> _Data_
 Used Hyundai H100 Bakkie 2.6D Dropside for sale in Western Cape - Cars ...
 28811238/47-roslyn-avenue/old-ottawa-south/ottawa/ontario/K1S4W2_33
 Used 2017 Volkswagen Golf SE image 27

---

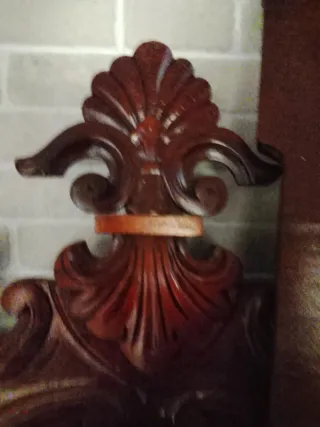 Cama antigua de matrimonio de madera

> _Your task_
Search the data above and return each line in which "Used" occurs.

> _Answer space_
 Used Hyundai H100 Bakkie 2.6D Dropside for sale in Western Cape - Cars ...
 Used 2017 Volkswagen Golf SE image 27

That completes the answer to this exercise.